"I've never looked at the Reiser code though the comments I get from friends who use it are on the order of 'extremely reliable but not the fastest filesystem in the world'," Matt Dillon explained when asked to compare his new clustering HAMMER filesystem with ReiserFS, both of which utilize BTrees to organize objects and records. He continued, "I don't expect HAMMER to be slow. A B-Tree typically uses a fairly small radix in the 8-64 range (HAMMER uses 8 for now). A standard indirect block methodology typically uses a much larger radix, such as 512, but is only able to organize information in a very restricted, linear way." He continued to describe numerous plans he has for optimizing performance, "my expectation is that this will lead to a fairly fast filesystem. We will know in about a month :-)"
Among the optimizations planned, Matt explained, "the main thing you want to do is to issue large I/Os which cover multiple B-Tree nodes and then arrange the physical layout of the B-Tree such that a linear I/O will cover the most likely path(s), thus reducing the actual number of physical I/O's needed." He noted, "HAMMER will also be able to issue 100% asynchronous I/Os for all B-Tree operations, because it doesn't need an intact B-Tree for recovery of the filesystem." He went on to describe another potential optimization allowed by the filesystem's design, "HAMMER is designed to allow clusters-by-cluster reoptimization of the storage layout. Anything that isn't optimally layed-out at the time it was created can be re-layed-out at some later time, e.g. with a continuously running background process or a nightly cron job or something of that ilk. This will allow HAMMER to choose to use an expedient layout instead of an optimal one in its critical path and then 'fix' the layout later on to make re-accesses optimal."
From: Chris Turner <c.turner@...>
Subject: Re: HAMMER filesystem update - design document
Date: Oct 12, 6:06 pm 2007
Matthew Dillon wrote:
>
> It will be cluster-by-cluster to begin with. I don't expect it to cause
> any issues, the BxTree in each cluster will be fairly compact and well
> cached and, most importantly, nearly all write I/O can be asynchronous
> so locks simply will not be held all that long.
>
> Eventually it will be possible to use inherent buffer cache locks to
> lock the BxTree operations but its a little dicey to try to do
> that level of fine-grained locking by default due to the allocation
> model.
>
Anyone up on ReiserFS ?
(but still capable of a 'clean room' description :)
As I recall, according to their docs it seems to have been one of the
first to use BTrees in the general sense for internal structuring ..

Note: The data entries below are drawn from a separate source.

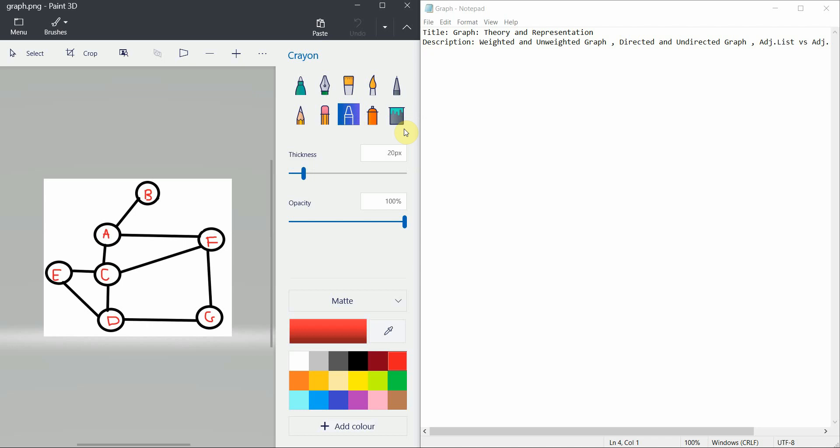Welcome to Programming Knowledge. In today's tutorial we are going to cover graph theory, a very important topic.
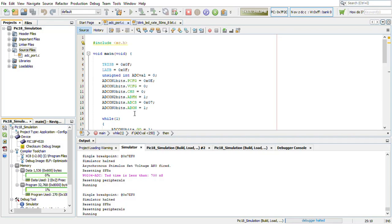Hello everyone, in this lecture we will be simulating the code for reading the channel 0 of ADC and writing to any port. So this is the code which we have generated in the last lecture.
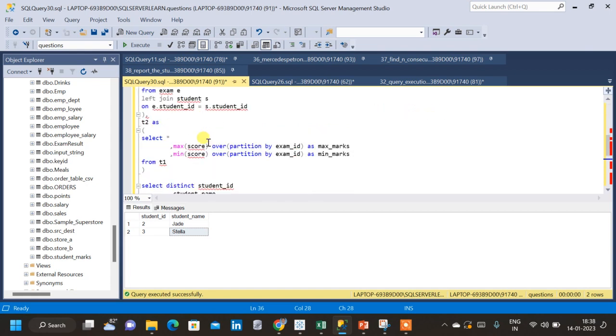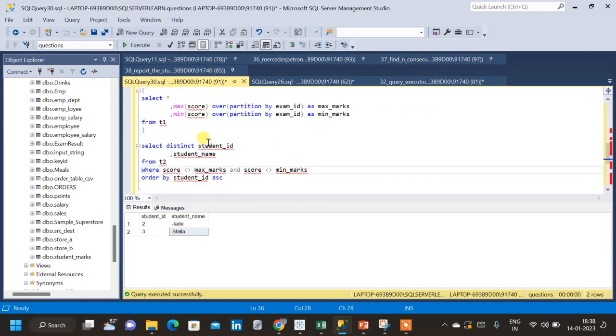This is how we solve the question. To practice, the CREATE and INSERT statements are provided in the description below. If you like the video, please like and subscribe. Thank you.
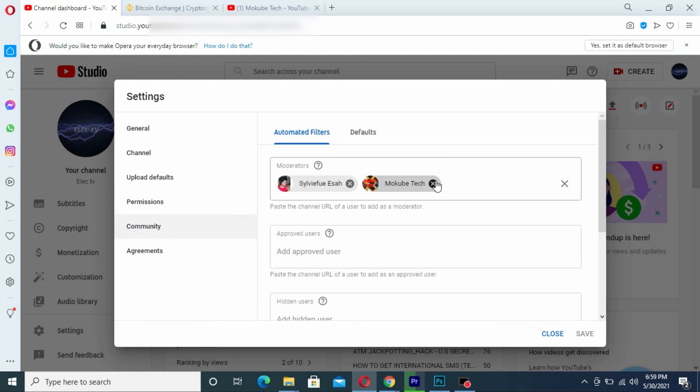Once you're there, I will simply remove Mokube Tech as a moderator.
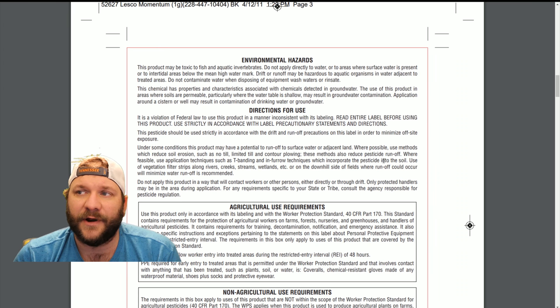Directions for use — there's a pretty generic precautionary statement right off the top that says read the entire label and follow it strictly. It should be used in accordance with drift and runoff precautions on this label to minimize off-site exposure. Under some conditions this product may have potential to run off to surface water or adjacent land. Where possible, use methods which reduce soil erosion such as no-till, limited-till, and contour plowing — that's mainly for agriculture. Where feasible, use application techniques such as T-banding or in-furrow. Use of vegetation filter strips along rivers, creeks, streams, and wetlands on the downhill side of fields will minimize water runoff.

also as I recall, there were some performance problems in specific areas
of requiring extra CPU for basic IO (due to having to compute tree
operations rather than do simple pointer manipulations) and also
concurrent IO (due to the need for complex tree locking types of things,
possibly compounded by the extra cpu time)
this kind of a thing is more for replication than 100% raw speed, but
in any case.. just some topics for discussion I suppose ..

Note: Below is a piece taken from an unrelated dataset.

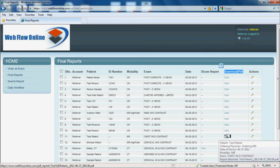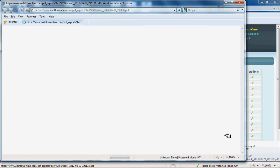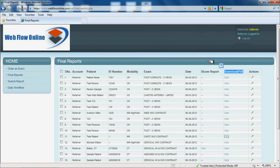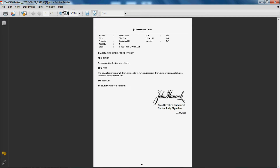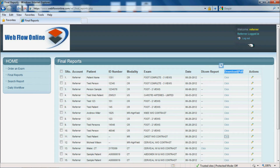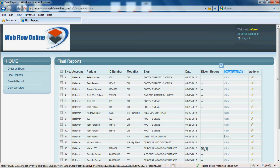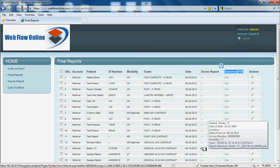If they click on any one of these links, they will get the final PDF report. They can print it, save it, and if they checked off multiple boxes, they can download multiples.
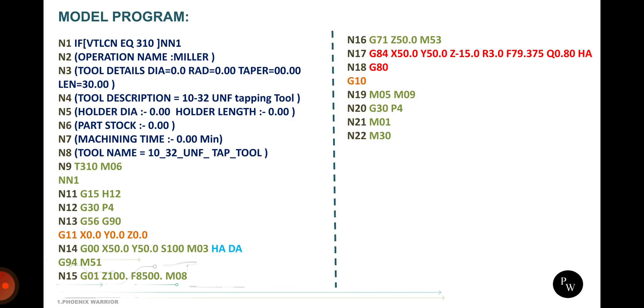Now we are going to see about the tapping. This is a model program for the tapping cycle. From N1 to N8 is basic information about the tool and tool holder. Then N9 tool number and changing sequence from the magazine. Next is G15 work coordinate selection, and the work offset number H12. Then G56 and G90, G90 is absolute command, then after datum shift G11 X0 Y0 Z0. Then where we want to push in the tap, that means positioning of the tap.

I still need to read the more detailed commits.
looking forward to it.
- Chris
From: Matthew Dillon <dillon@...>
Subject: Re: HAMMER filesystem update - design document
Date: Oct 13, 8:59 pm 2007
:Anyone up on ReiserFS ?
:
:(but still capable of a 'clean room' description :)
:...
:As I recall, according to their docs it seems to have been one of the
:first to use BTrees in the general sense for internal structuring ..
:
:also as I recall, there were some performance problems in specific areas
:of requiring extra CPU for basic IO (due to having to compute tree
:operations rather than do simple pointer manipulations) and also
:concurrent IO (due to the need for complex tree locking types of things,
:possibly compounded by the extra cpu time)
:
:this kind of a thing is more for replication than 100% raw speed, but
:in any case.. just some topics for discussion I suppose ..
:
:I still need to read the more detailed commits.
:
:looking forward to it.
:
:- Chris
I've never looked at the Reiser code though the comments I get from
friends who use it are on the order of 'extremely reliable but not
the fastest filesystem in the world'.
I don't expect HAMMER to be slow. A B-Tree typically uses a fairly
small radix in the 8-64 range (HAMMER uses 8 for now). A standard
indirect block methodology typically uses a much larger radix, such
as 512, but is only able to organize information in a very restricted,
linear way.
The are several tricks to making a B-Tree operate efficiently but
the main thing you want to do is to issue large I/Os which cover
multiple B-Tree nodes and then arrange the physical layout of the B-Tree
such that a linear I/O will cover the most likely path(s), thus
reducing the actual number of physical I/O's needed. Locality of
reference is important.
HAMMER will also be able to issue 100% asynchronous I/Os for all B-Tree
operations, because it doesn't need an intact B-Tree for recovery of the
filesystem. It can reconstruct the B-Tree for a cluster by scanning
the records in the cluster and using a stored transaction id verses the
transaction id in the records to determine what can be restored and
what still may have had pending asynchronous I/O and thus cannot.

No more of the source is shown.